You might be thinking, “Wait a minute, Peter was one of the big guns, he was one of the foundations of the church.” Don’t be so impressed. When you read about his actions and responses you have to ask yourself, “What was God thinking?”
Let’s take a real look at Peter:
Jesus called Peter as an uneducated man. He didn’t have a degree, no training, he never set foot in a seminary. He was a fisherman, a worker, not overly respected in the culture of the times, but God called him anyway. Matt: 4:18
He was the one who was told to walk on water and proceeds to screw it up by taking his eyes off Jesus and sinking in a panic. Matt 14:25-31
In Mattew 16:21-23 he reprimands Jesus and starts to argue with Him. (not a bright move, ever)
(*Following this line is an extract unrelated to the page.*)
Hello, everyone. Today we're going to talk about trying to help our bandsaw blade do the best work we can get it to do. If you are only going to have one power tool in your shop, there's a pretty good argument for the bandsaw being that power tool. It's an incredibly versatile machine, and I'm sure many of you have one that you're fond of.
At one point speaking on behalf of the apostles, Peter shows an astounding lack of humility or servant’s heart by basically asking Jesus, “Hey, what’s in it for me?” Matt 19:27
You would think Peter would start to catch on but at the foot washing after the last supper, he was the one who fought with Jesus when Jesus tried to wash his feet. “Not my feet, no way.” Jn 13:6-9
We read that Peter was one of the ones Jesus asked to go and pray with Him in the garden before He was to be betrayed. And…Peter falls asleep…twice. Matt 26:36 & 40
When the High Priests’ slaves come for Jesus, Peter is the one who pulls out a sword and cuts the ear of the slave. At which point Jesus AGAIN has to clean up after Peter’s temper and poor judgment. Matt 26: 51 (named in John 18:10)
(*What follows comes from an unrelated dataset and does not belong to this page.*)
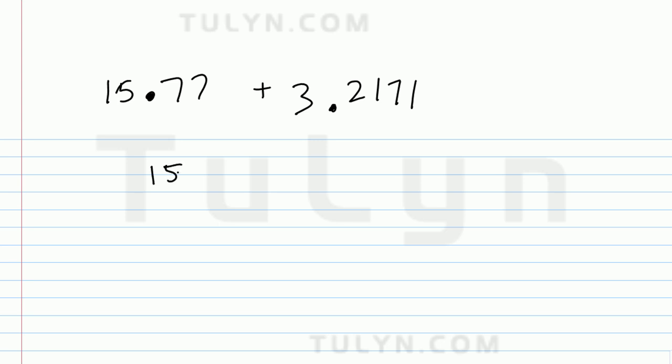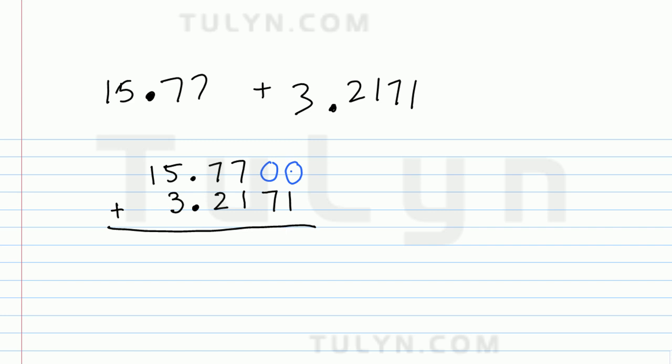I'm going to put the 15 on top, then followed by 77 hundredths. I'm going to put the 3 underneath the 5, put the decimal point, copy over the number so that one number is under each 7. Then go ahead and put the 71 on the outside. Notice how there's a little bit of 71 sticking out — I'm just going to pick up some zeros at the top to use as place value holder zeros.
The high point (low point?) of Peter’s story might be when he denied Jesus three times after swearing he would never deny Him. Matt 26: 33-35 / 69-75
Peter was a temperamental, argumentative, prideful person. He would never be asked to work in an established ministry today. He would never pass a background check. He was immature, emotional, divisive, and a little slow. When you look at the breadth of what we know about Peter at this point, he was the WORST apostle ever. So what was Jesus’s reaction to Peter? Peter was one of Jesus’ favorites. Like a puppy that poops all over the house but is still loved, Jesus knew that Peter would learn eventually and that Peter could be shaped and trained. Jesus was very fond of Peter.
Jesus asked only three apostles to go with Him up the mountain were Jesus appeared with Moses and Elijah. He wanted Peter to see and experience this interaction. Mt 17 1-3
Although he screwed it up, Peter was the one Jesus asked to walk on water. This was a huge privilege. Jesus wanted him to experience stepping out onto the waves, to learn to trust Him in all circumstances.
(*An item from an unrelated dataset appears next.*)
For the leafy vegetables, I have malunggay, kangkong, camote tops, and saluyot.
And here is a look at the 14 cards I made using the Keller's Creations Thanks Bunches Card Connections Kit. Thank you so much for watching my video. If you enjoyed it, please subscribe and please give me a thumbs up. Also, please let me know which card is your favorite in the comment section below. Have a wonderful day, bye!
In Luke 22:7 Jesus asked him to go and prepare the last supper. Although Jesus could have had anyone do this, He knew it was essential and that Peter learned how to serve in this way. Peter was trusted in spite of his history of screwing up.
Jesus didn’t ask everyone to go and pray with Him in the garden; He called the ones closest to Him. Praying at that level is no casual event, Jesus wanted Peter with Him in His darkest hour. Matt 26: 36 “Pray with me.”
Jesus says about Peter in Matt 16:15-19 “On this rock, I will build My church.” I’m sure more than a few people questioned Jesus’ selection, but He knew what He was doing. Jesus needed a flawed, broken individual to lead flawed and broken people. Anyone else would have seen the broken part, Jesus saw a rock in the making.
When you think you don’t have what it takes to make an impact for God, you’re right. That is the perfect place to start. Realize we’re ALL broken, but this is what God uses. A farmer will talk about needing to break the soil for it to be used. Seeds need to crack and be broken before they will grow. When a new building is going up, it can be a messy endeavor, and can be very hard to see what the architect has planned. But the architect does have a plan; he can see the building in his mind. If we allow Him, God wants to be the architect of our lives.
Walk humbly, trust in God. As Moses reacted to God’s calling in Exodus 3: “Who am I that I would speak to Pharaoh and bring the Israelites out of Egypt?” Rejoice in the fact that God uses the Peters of this world. We’re all a little, or a lot, like Peter. Rejoice in your brokenness.